John Taylor, 3rd President of the Church, 1880–1887 

Some years ago, in Nauvoo, a gentleman in my hearing, a member of the Legislature, asked Joseph Smith how it was that he was enabled to govern so many people, and to preserve such perfect order; remarking at the same time that it was impossible for them to do it anywhere else. Mr. Smith remarked that it was very easy to do that. "How?" responded the gentleman; "to us it is very difficult." Mr. Smith replied, "I teach them correct principles, and they govern themselves."

"The Organization of the Church," Millennial Star, Nov. 15, 1851, 339.

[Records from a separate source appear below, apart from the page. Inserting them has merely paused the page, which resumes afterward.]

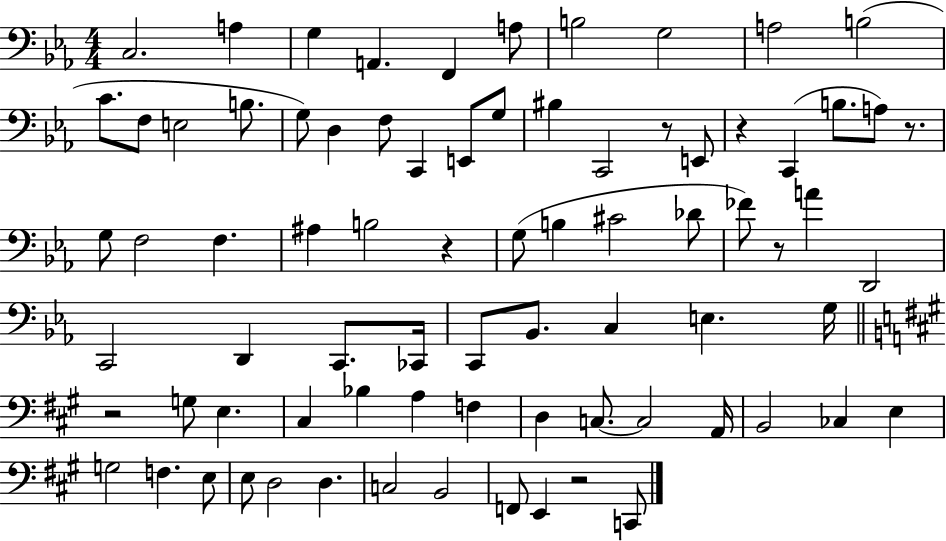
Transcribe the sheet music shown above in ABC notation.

X:1
T:Untitled
M:4/4
L:1/4
K:Eb
C,2 A, G, A,, F,, A,/2 B,2 G,2 A,2 B,2 C/2 F,/2 E,2 B,/2 G,/2 D, F,/2 C,, E,,/2 G,/2 ^B, C,,2 z/2 E,,/2 z C,, B,/2 A,/2 z/2 G,/2 F,2 F, ^A, B,2 z G,/2 B, ^C2 _D/2 _F/2 z/2 A D,,2 C,,2 D,, C,,/2 _C,,/4 C,,/2 _B,,/2 C, E, G,/4 z2 G,/2 E, ^C, _B, A, F, D, C,/2 C,2 A,,/4 B,,2 _C, E, G,2 F, E,/2 E,/2 D,2 D, C,2 B,,2 F,,/2 E,, z2 C,,/2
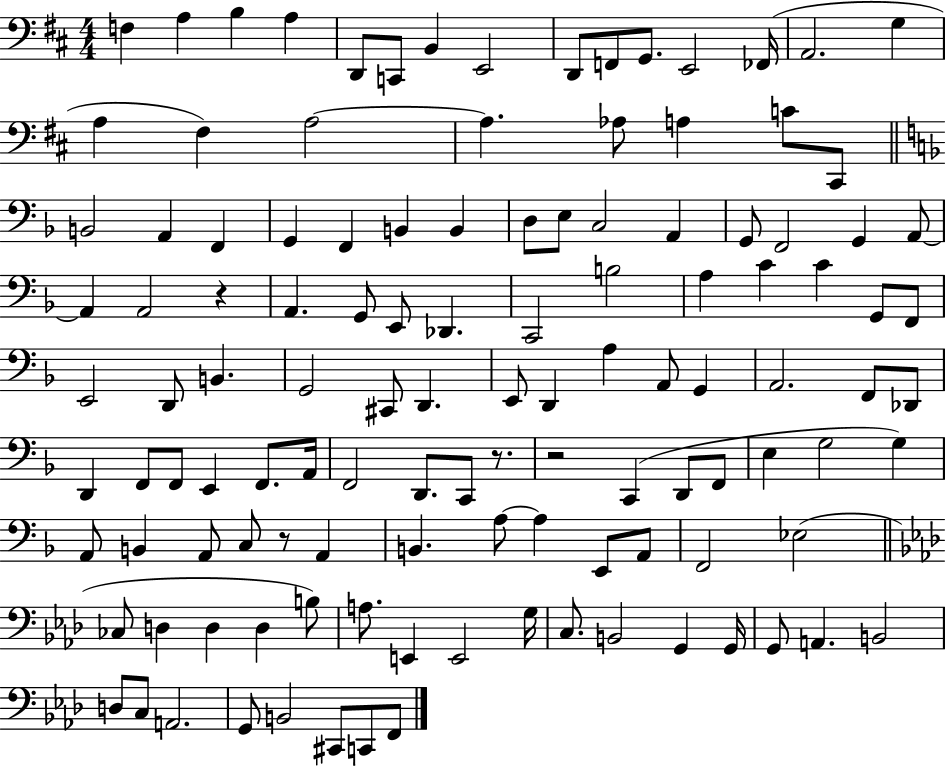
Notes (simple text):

F3/q A3/q B3/q A3/q D2/e C2/e B2/q E2/h D2/e F2/e G2/e. E2/h FES2/s A2/h. G3/q A3/q F#3/q A3/h A3/q. Ab3/e A3/q C4/e C#2/e B2/h A2/q F2/q G2/q F2/q B2/q B2/q D3/e E3/e C3/h A2/q G2/e F2/h G2/q A2/e A2/q A2/h R/q A2/q. G2/e E2/e Db2/q. C2/h B3/h A3/q C4/q C4/q G2/e F2/e E2/h D2/e B2/q. G2/h C#2/e D2/q. E2/e D2/q A3/q A2/e G2/q A2/h. F2/e Db2/e D2/q F2/e F2/e E2/q F2/e. A2/s F2/h D2/e. C2/e R/e. R/h C2/q D2/e F2/e E3/q G3/h G3/q A2/e B2/q A2/e C3/e R/e A2/q B2/q. A3/e A3/q E2/e A2/e F2/h Eb3/h CES3/e D3/q D3/q D3/q B3/e A3/e. E2/q E2/h G3/s C3/e. B2/h G2/q G2/s G2/e A2/q. B2/h D3/e C3/e A2/h. G2/e B2/h C#2/e C2/e F2/e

Mercy Rachel Fielding Thompson, Early Member of the Church 

We listened with joy and profit to the words of instruction and counsel which fell from the inspired lips of Joseph Smith, each word carrying to our hearts deeper . . . convictions that we were listening to a mighty Prophet of God. And yet there was not the slightest appearance of ostentation or conscious power on his part; he was as free and sociable as though we had all been his own brothers and sisters, or members of one family. He was as unassuming as a child. . . . I saw him rejoicing with the people, perfectly sociable and without reserve, occasionally uttering jokes for their amusement and moving upon the same plane with the humblest and poorest of his friends; to him there were no strangers and by all he was known as the Prophet and a friend of humanity.

"Recollections of the Prophet Joseph Smith," Juvenile Instructor, July 1, 1892, 398–99; paragraph divisions altered.